Perhaps you won’t use your home’s equity for retirement, a small business, educational expenses, or other important financial goals. But even if you decide to pass your home on to your children, a charity, or a long-lost relative, it’s still a valuable asset and a worthwhile investment.

The decision of if and when to buy a home can be complex. Money matters, but so do personal and emotional issues. Buying a home is a big deal — you’re settling down. Can you really see yourself coming home to this same place day after day, year after year? Of course, you can always move, but doing so, especially within just a few years of purchasing the home, can be costly and cumbersome, and now you’ve got a financial obligation to deal with.

The pros and cons of ownership

Some people — particularly enthusiastic salespeople in the real estate business — believe everybody should own a home.

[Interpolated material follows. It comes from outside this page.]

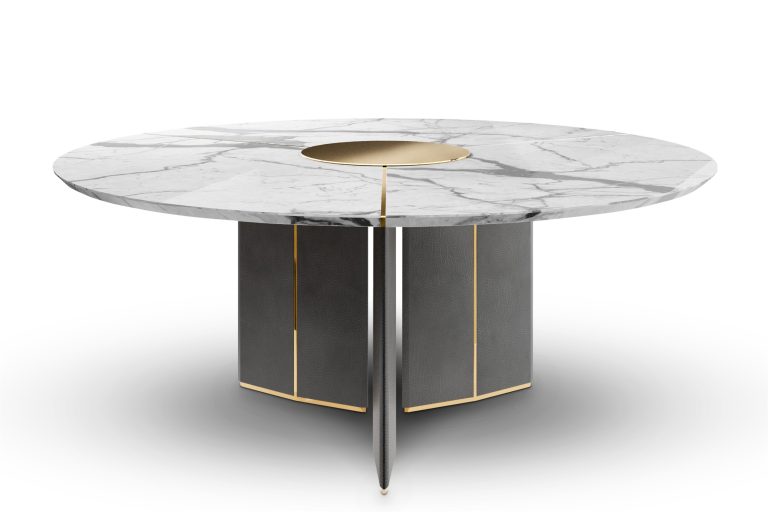 Algerone Dining Table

You may hear them say things like “Buy a home for the tax breaks” or “Renting is like throwing your money away.”

The bulk of home ownership costs — namely, mortgage interest and property taxes — are tax-deductible, subject to limitations. However, these tax breaks are already largely factored into the higher cost of owning a home. So, don’t buy a home just because of the tax breaks.

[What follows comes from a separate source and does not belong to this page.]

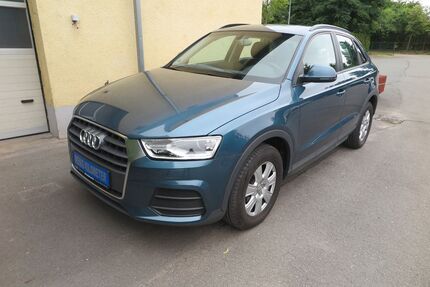 Audi Q3 Gebrauchtwagen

If such tax breaks didn’t exist, housing prices would be lower because the effective cost of owning would be so much higher. I wouldn’t be put off by tax reform discussions that mention reducing or even eliminating home-buying tax breaks — the odds of such changes passing are slim to none.

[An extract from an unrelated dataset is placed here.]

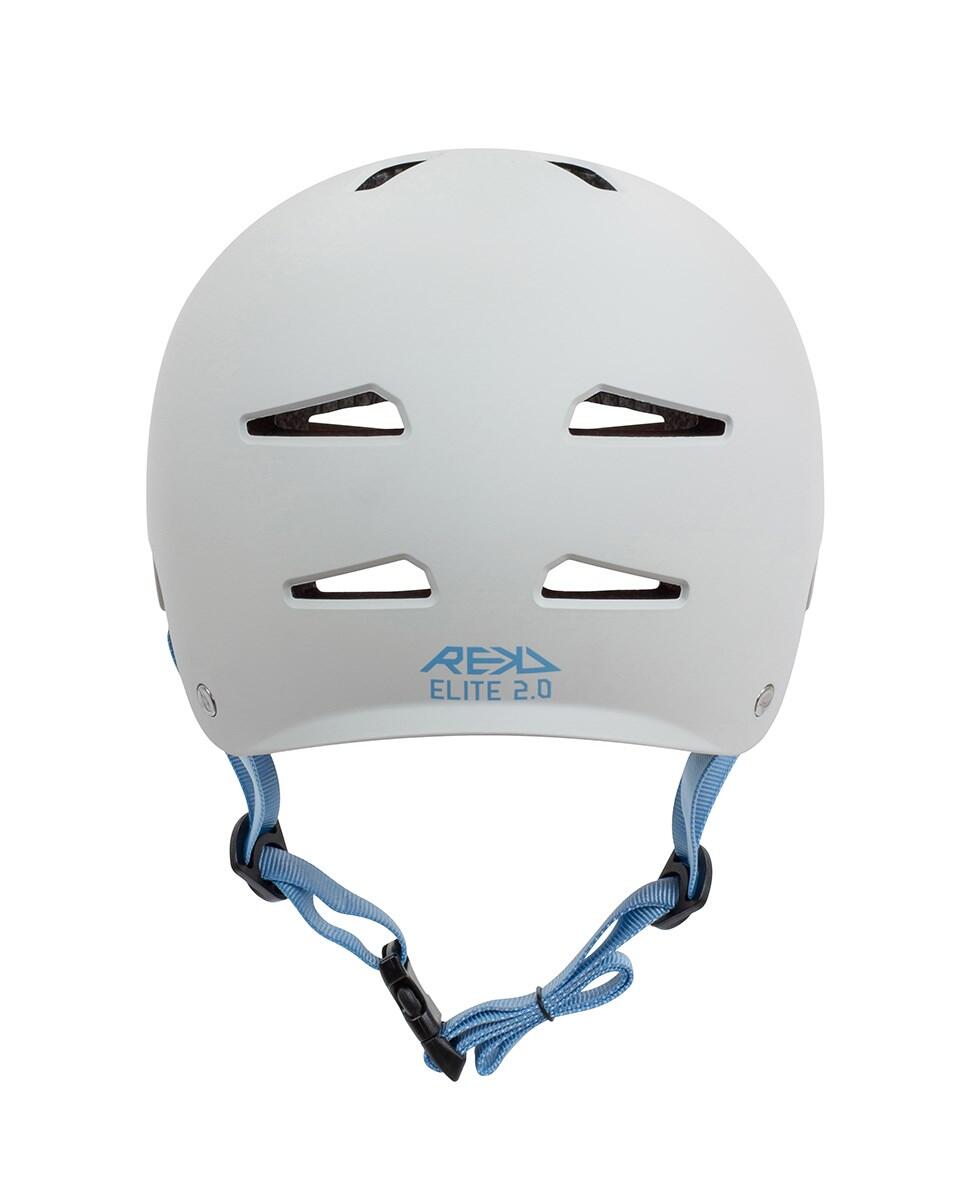 REKD Casque ELITE 2.0 Gris- Taille L 5/7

Renting isn’t necessarily equal to “throwing your money away.” In fact, renting can have a number of benefits, such as the following:

  • In some communities, with a given type of property, renting is less costly than buying. Happy and successful renters I’ve seen include people who pay low rent, perhaps because they’ve made housing sacrifices. If you can sock away 10 percent or more of your earnings while renting, you’re probably well on your way to accomplishing your future financial goals.
  • You can save money and hopefully invest in other financial assets. Stocks, bonds, and mutual and exchange-traded funds are quite accessible and useful in retirement. Some long-term homeowners, by contrast, have a substantial portion of their wealth tied up in their homes. (Remember: Accessibility is a double-edged sword because it may tempt you as a cash-rich renter to blow the money in the short term.)
  • Renting has potential emotional and psychological rewards. The main reward is the not-so-inconsequential fact that you have more flexibility to pack up and move on. You may have a lease to fulfill, but you may be able to renegotiate it if you need to move on. As a homeowner, you have a major monthly payment to take care of. To some people, this responsibility feels like a financial ball and chain. After all, you have no guarantee that you can sell your home in a timely fashion or at the price you desire if you want to move.

Although renting has its benefits, renting has at least one big drawback: exposure to inflation. As the cost of living increases, your landlord can keep increasing your rent (unless you live in a rent-controlled unit). If you’re a homeowner, however, the big monthly expense of the mortgage payment doesn’t increase, assuming that you buy your home with a fixed-rate mortgage. (Your property taxes, homeowners insurance, and maintenance expenses are exposed to inflation, but these expenses are usually much smaller in comparison to your monthly mortgage payment or rent.)

Here’s a quick example to show you how inflation can work against you as a long-term renter. Suppose you’re comparing the costs of owning a home that costs $200,000 to renting a similar property for $1,000 a month. (If you’re in a high-cost urban area and these numbers seem low, please bear with me and focus on the general insights, which you can apply to higher-cost areas.)

Buying at $200,000 sounds a lot more expensive than renting for $1,000, doesn’t it? But this isn’t an apples-to-apples comparison. You must compare the monthly cost of owning to the monthly cost of renting. You must also factor the tax benefits of home ownership in to your comparison so you compare the after-tax monthly cost of owning versus renting (mortgage interest on up to $750,000 of mortgage debt and property taxes up to $10,000 worth per year when combined with other state and local taxes are tax-deductible). The figure does just that over 30 years.

renting versus buying costs Because of inflation, renting is generally more costly in the long run.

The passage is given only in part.